L’errore secondo Marinella Senatore
Il termine educazione, legato a rimandi noiosi e scolastici per i più, può illuminarsi di nuove energie e potenzialità prendendo in prestito la forza coinvolgente del pensiero di Marinella Senatore. Un fare artistico e un metodo confluiti nella School of Narrative Dance. Ecco di cosa si tratta.
L’occasione per scrivere ancora – mai abbastanza in realtà – di Marinella Senatore (Cava de’ Tirreni, 1977; vive a Berlino) è fornita dal suo sito. Un bel pretesto per mettere in parallelo il racconto dei temi fondamentali del suo fare arte con la prassi della pedagogia fenomenologica, basata sull’ascolto e sullo scambio a partire dal soggetto e non su una sterile trasmissione di contenuti, che può solo trarre nuova linfa dai presupposti di un’arte pensata come partecipata.
Il termine educazione, legato a rimandi noiosi e scolastici per i più, può illuminarsi di nuove energie e potenzialità prendendo in prestito la forza coinvolgente del pensiero di Marinella Senatore. Un fare artistico e un metodo confluiti nella School of Narrative Dance, “un grande contenitore assolutamente gratuito che gira per il mondo”, da lei fondata insieme a Elisa Zucchetti e Nandhan Molinaro nel 2013, dove non esiste errore, dove tutto è sempre sperimentazione collettiva che offre solo la preziosa consapevolezza della responsabilità personale di un io, come parte, che può riconoscersi ed esprimersi attraverso un noi.
Tra i video, nella sezione trailers, i risultati del suo lavoro e il racconto della school: non un luogo fisico, piuttosto una pratica nomade che di volta in volta diventa un potente catalizzatore capace ancora una volta di creare comunità. Ricucire i fili dell’essere-insieme attraverso il corpo, ascoltando, condividendo.
Alla School of Narrative Dance chiunque ha qualche cosa da insegnare è docente. Ai partecipanti non sono richieste abilità né grado di scolarizzazione ma il solo mettere a disposizione la propria esperienza. Vivere e condividere per trasformare un incontro in una narrazione performativa, diversa dall’evento o dallo spettacolo perché arte libera dai vincoli superficiali della perfezione formale, testimone coraggiosa e contagiosa della necessità di una onesta, reale pratica dell’autenticità.
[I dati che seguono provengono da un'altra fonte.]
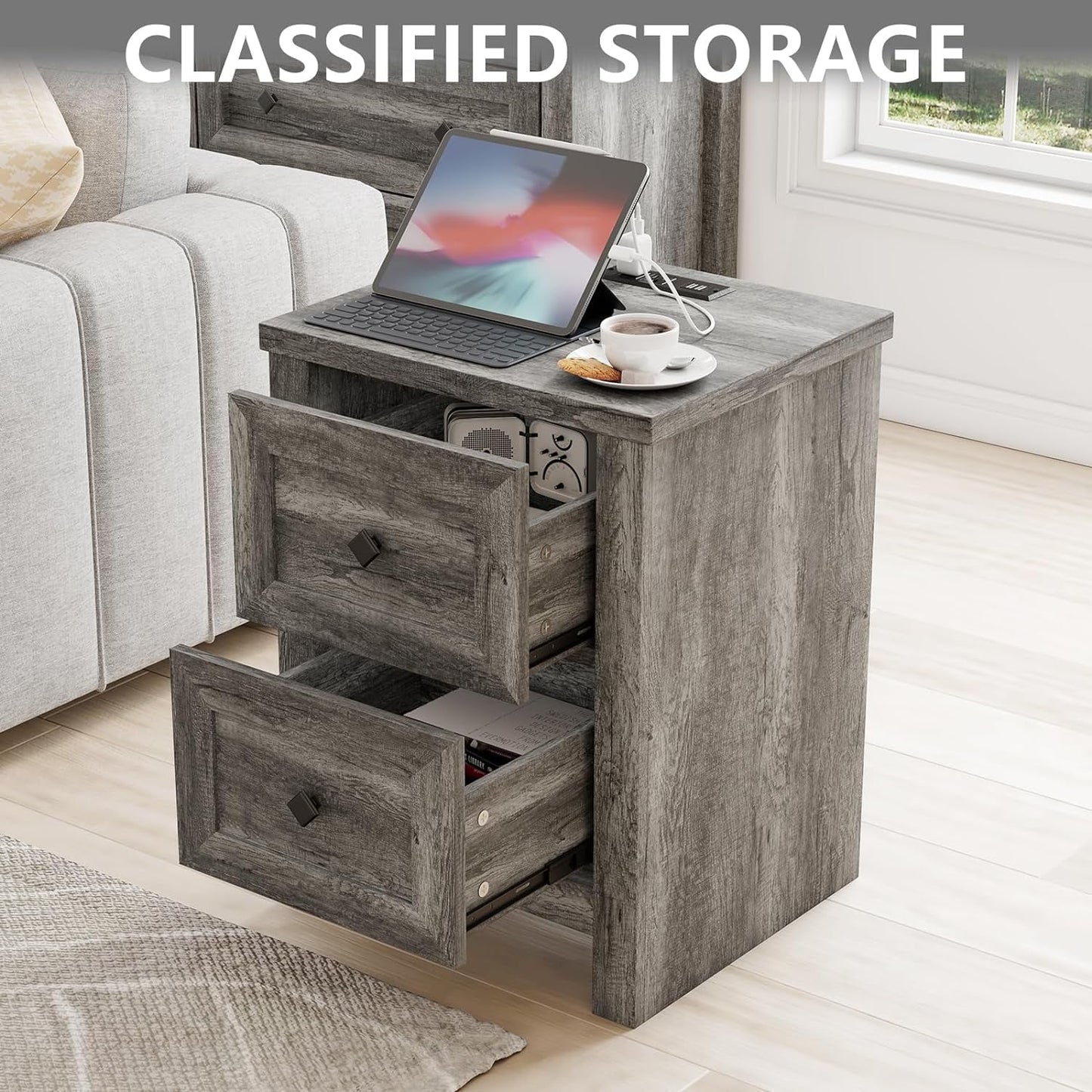 Nightstand Set of 2 with Charging Station, Wood End Table with 2 Drawers Storage Cabinet Grey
Un moderno rito laico, dove il credo condiviso non è annullarsi nel sovrumano ma nella scommessa di essere contemporaneamente uno e parte di un tutto attraverso sceneggiature corali nelle quali il corpo strumento di “resistenza della condizione sociale”, parole dell’artista, privo di filtri o sovrastrutture, è interprete e narratore privilegiato di un’esperienza da riscoprire e tradurre.
Sul sito, altro progetto significativo, Estman Radio Project, babele di lingue e ambiti per una piattaforma aperta a scambi e contributi, accessibile a chiunque. Fra gli interventi, anche quello del filosofo Francisco Jaruta, del fisico Jorge Wagensberg o dell’architetto urbanista Santiago Cirugeda. Tanto altro in un fare arte non utopistico, segnato da un impegno sociale e politico, reso in opere di grande intensità, indicazione di metodo esistenziale praticabile.